Proper data generation, collection, storage and analysis are expected, yet mostly untaught, skills in the undergraduate experience. One bottleneck to a field’s growth is the handling and interpretation of the data created and gathered. While most, if not all, disciplines struggle with this lack of data stewardship, those traditionally quantitative disciplines must also interpret and analyze data earlier in undergraduate curricula.

The private sector's open challenge with data understanding, processing and interpretation impacts the educational realm. According to the McKinsey Report, there will be almost 200,000 positions requiring "deep analytical skills". The report further outlines the additional job responsibilities of nearly 1.5 million managers and analysts who will need to analyze and interpret data findings in order to make decisions. Although data science degree programs exist as the graduate level, national and international society can not wait for the awarding of these advanced degrees recipients. Undergraduate programs, concentrations and certificates have emerged to address the workforce shortage. Since data are at the center of many disciplines and business operations, data science is partnered with another field to provide sufficient and appropriate context. There are emerging cross-disciplinary themes, such as how data can translate into actionable knowledge, what are the useful data analysis techniques, which programming languages and tools support ease of interpretation, what are the commonly used data cleaning, data summarization, statistical inference and regression models.

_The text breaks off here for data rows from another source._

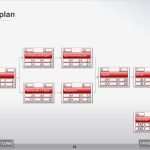 Powerpoint Vorlage Erstellen Elegant Netzplan Erstellen Projektmanagement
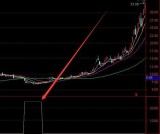 底部大涨选股技术波浪选股指标公式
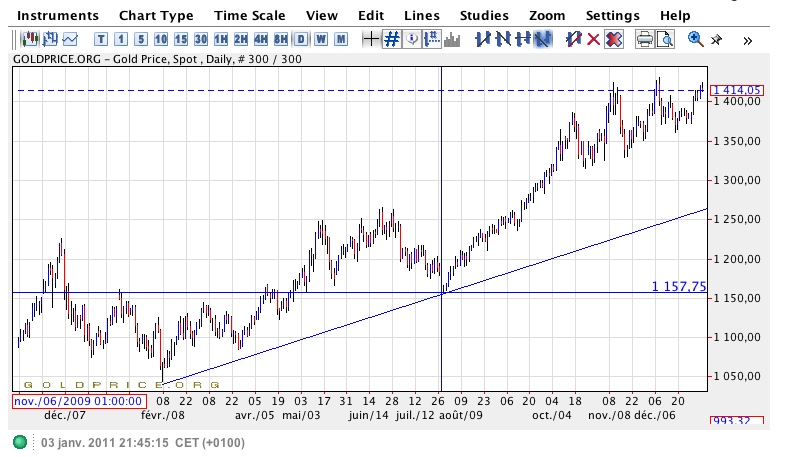 correction sur support.png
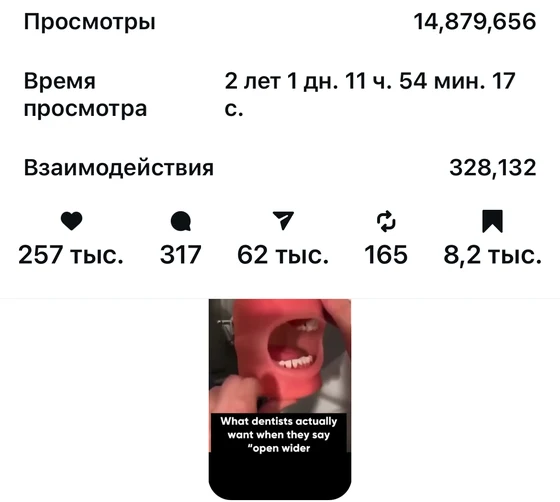Instagram: 14 879 656 просмотров одного ролика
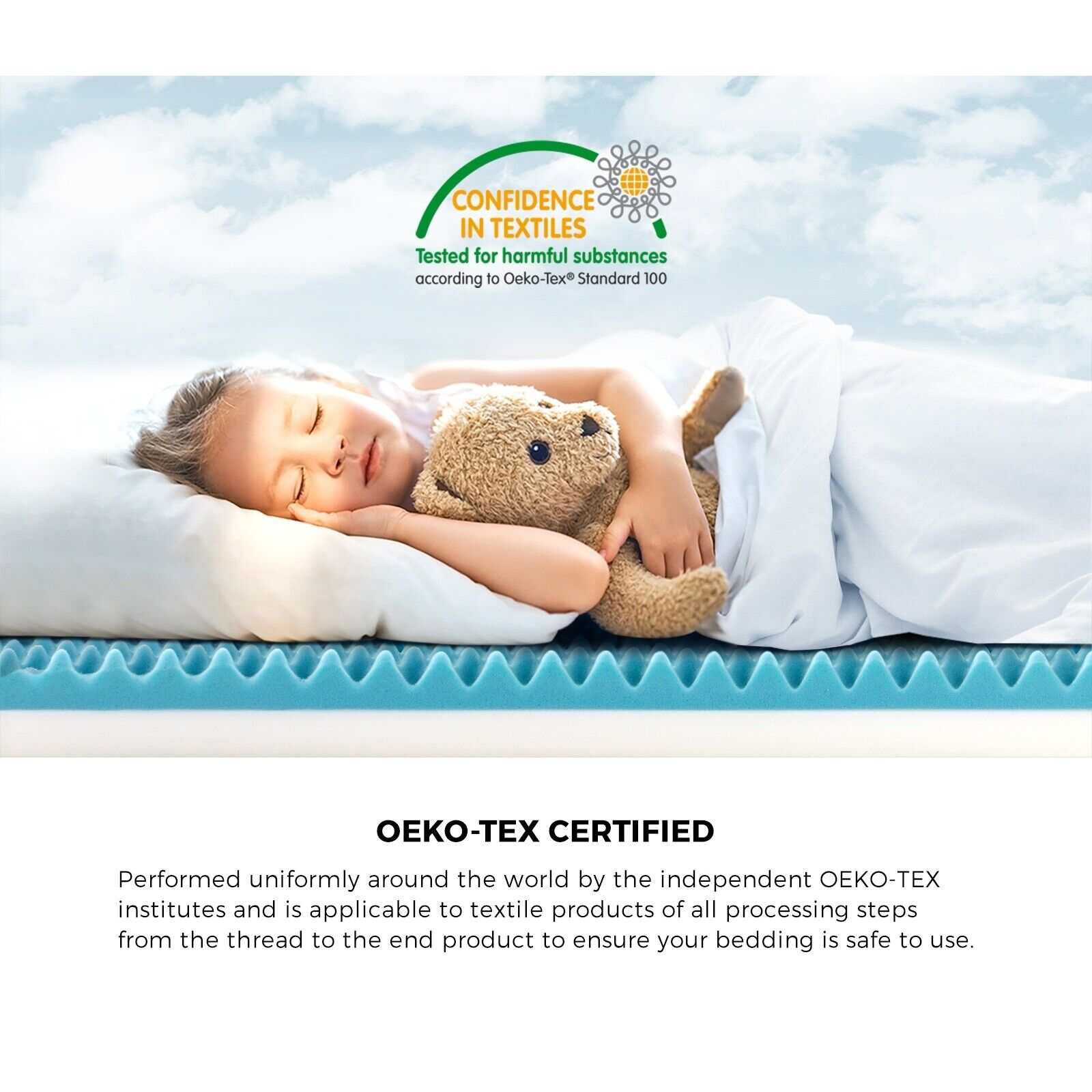 Bedra Memory Foam Mattress Topper Reversible Cool Gel Bed Mat 10cm King - Sunyee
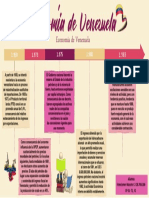 Linea Del Tiempo - Sistema Economico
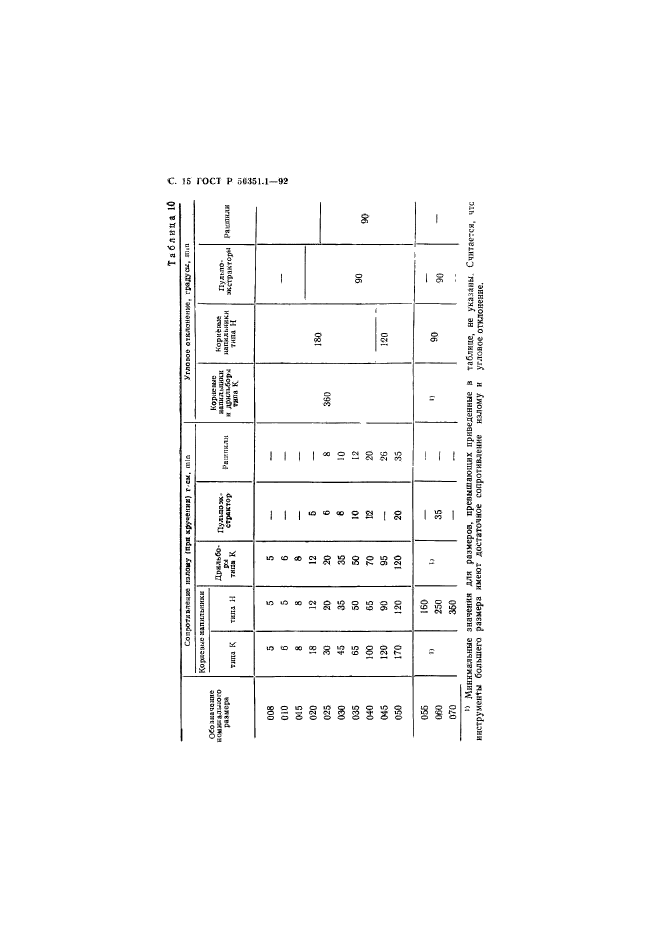   50351.1-92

Since Fall 2015, we are developing the EvergreenLP framework, a student-coded data-centric learning environment. Our framework allows the student coders to explore data science principles in context of a current event or topic trending on twitter. EvergreenLP is constructed as a content management system to leverage the creative (front-end) and technical (back-end) aspects of software development. By using Tweepy, data flow over a network and key data science fundamentals are shared. We are analyzing Oscars 2016 data gathered using the following blacktags and keywords: #Oscars,#OscarsSoWhite, Chris Rock, @chrisrock. The limitations of MS Excel for ~150MB files quickly became apparent to the student coders. Now, we explore the Python Data Analysis Library (pandas) in Spring 2017!